Cochran, who has worked with Coach Nick Saban for 18 years, served as keynote speaker at the event held at the Jasper Civic Center. After detailing some of his own personal story, he spoke of the need for employers to take the time to truly know their employees and help mold them. He drew upon methods the Alabama coaching staff uses with student athletes as advice to a young workforce.
"(We do) little things that we use with the players that I think are catchy," Cochran said. "We like to use a little thing called 'See a little, see a lot. See a lot, see nothing.' That just brings them back into being laser focused. If you focus on what you need to focus on and stay on target, it's insane what you can do if you stop listening to people and the haters."
Before making a hasty return to Tuscaloosa for summer workouts, Cochran told the story of the late Mal Moore while playing under Paul "Bear" Bryant at Alabama.
"Mal Moore may have been forced by his dad, but he did not quit," he said before emphasizing to those in attendance to likewise "not quit, no matter what, do not quit! 40 years from now, like him, you could have a building named after you!"
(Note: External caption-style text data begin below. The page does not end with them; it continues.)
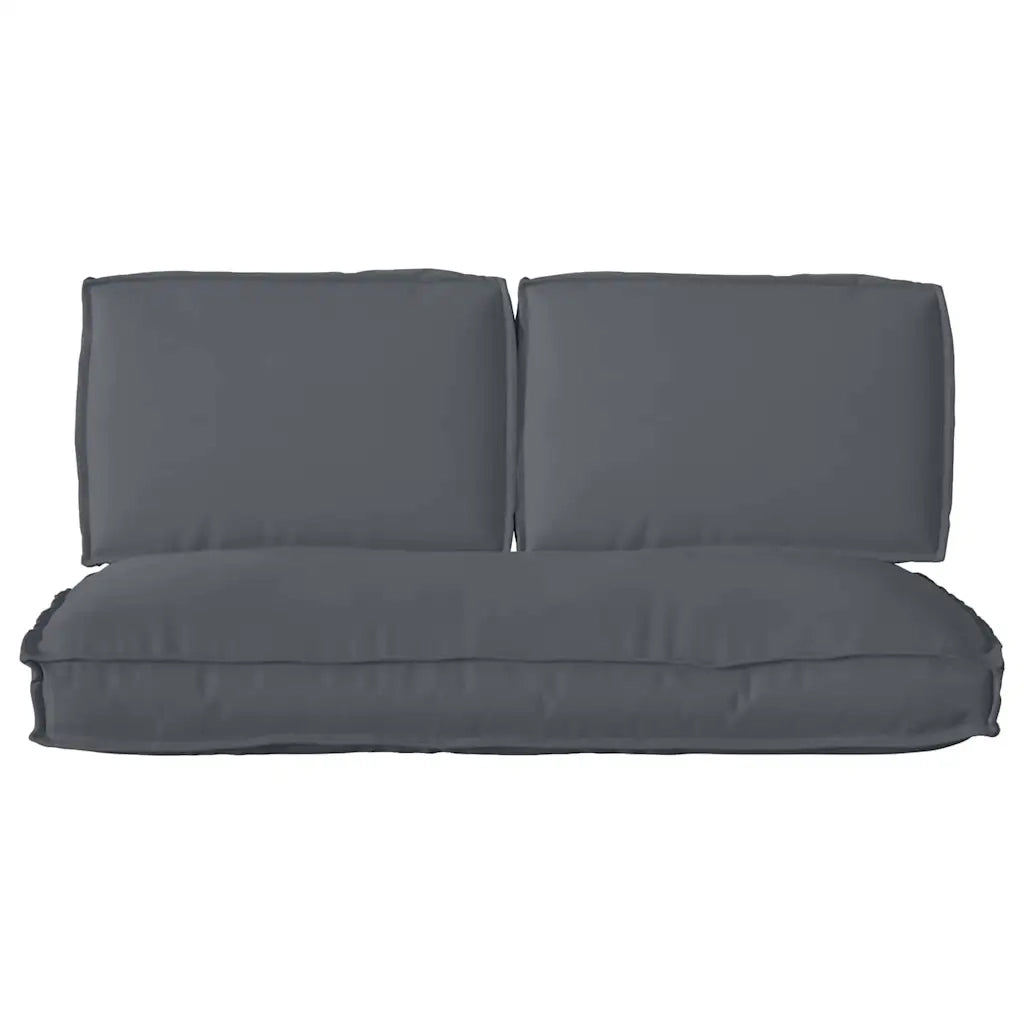 Set di Cuscini 3 pcs Antracite Tessuto Oxford 3402119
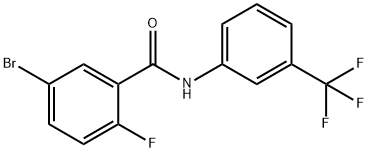 5-bromo-2-fluoro-N-[3-(trifluoromethyl)phenyl]benzamide Struktur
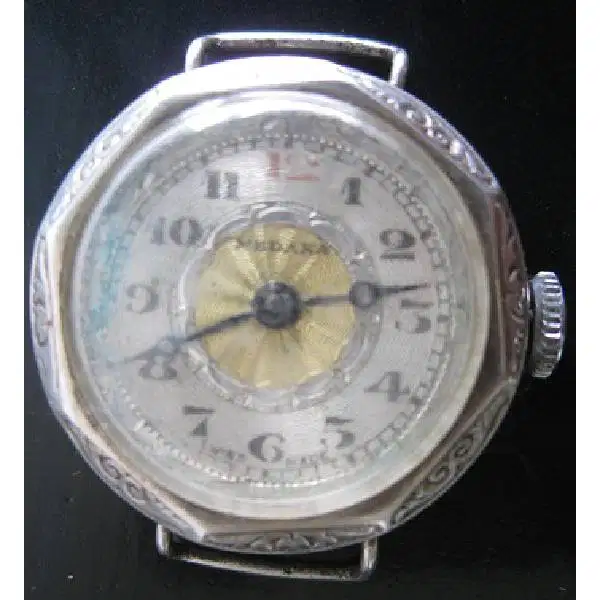 Vintage Silver - gold jam tangan wanita MEDANA era 1800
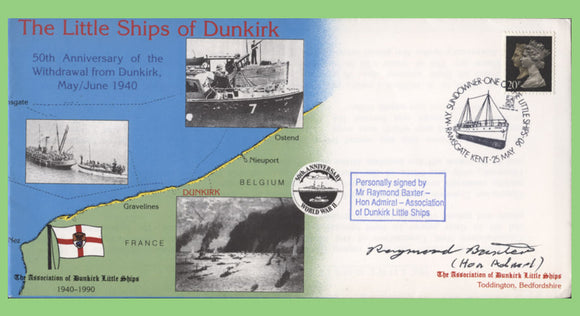 G.B. 1990 50th Anniversary of the Withdrawal from Dunkirk signed commemorative cover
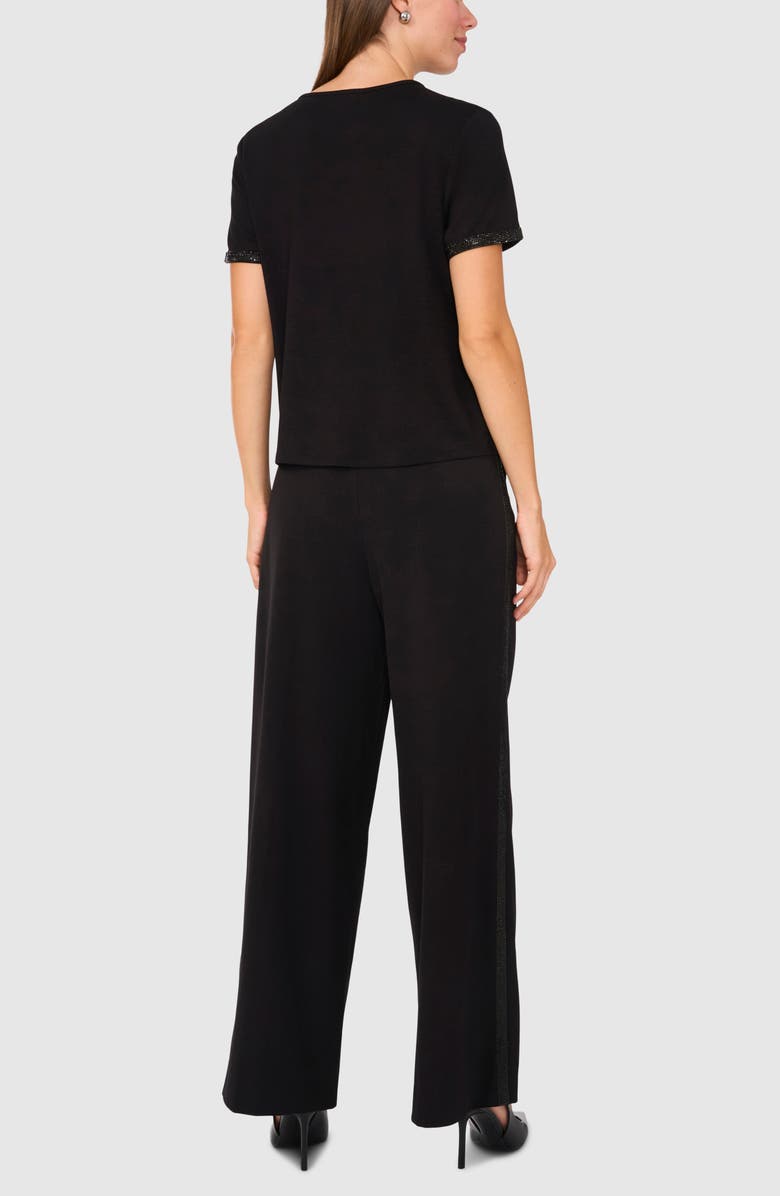 Halogen<sup>®</sup> Rhinestone Trim Wide Leg Pants, Alternate, color,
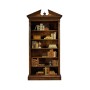 Walnut Open Bookcase with Pediment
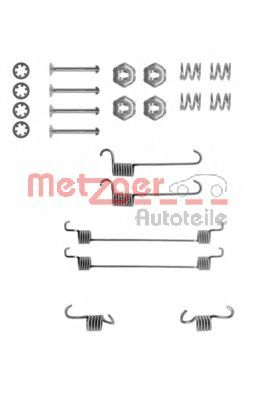 Комплектующие, тормозная колодка METZGER 105-0650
Linda Lewis, president of the Chamber of Commerce of Walker County, praised Cochran's energy and inspirational message.
"What a wonderful motivational speaker," Lewis said. "Uplifting and getting you excited about your community, getting you involved in your community, and never giving up in your community.
"The message that (Coach Cochran) gave you was powerful," she said. "'Never give up and be a leader.' It was just an uplifting speech."
She said Cochran's energy was indicative of what the Chamber is all about.
This year marked the highest attendance for the annual Chamber breakfast with 420 guests, according to Lewis.
"I think it had a lot to do with the speaker, but I think it also has a lot to do with our mission and vision at the Chamber. It was a great day for the community."
Jeremy Arthur, president of the Chamber of Commerce Association of Alabama, closed out the event, praising Walker County for the work being done locally.
"There are 102 Chambers across the state and I'm going to tell you that yours is leading the pack," he said. He went on to acknowledge individual accomplishments of Chamber leadership and local representation, saying "that is what Walker County is all about."
According to Lewis, the success of the Chamber of Commerce would not be possible without "the leadership of our Board, our investors, our Chamber members and the partnerships we have with the community."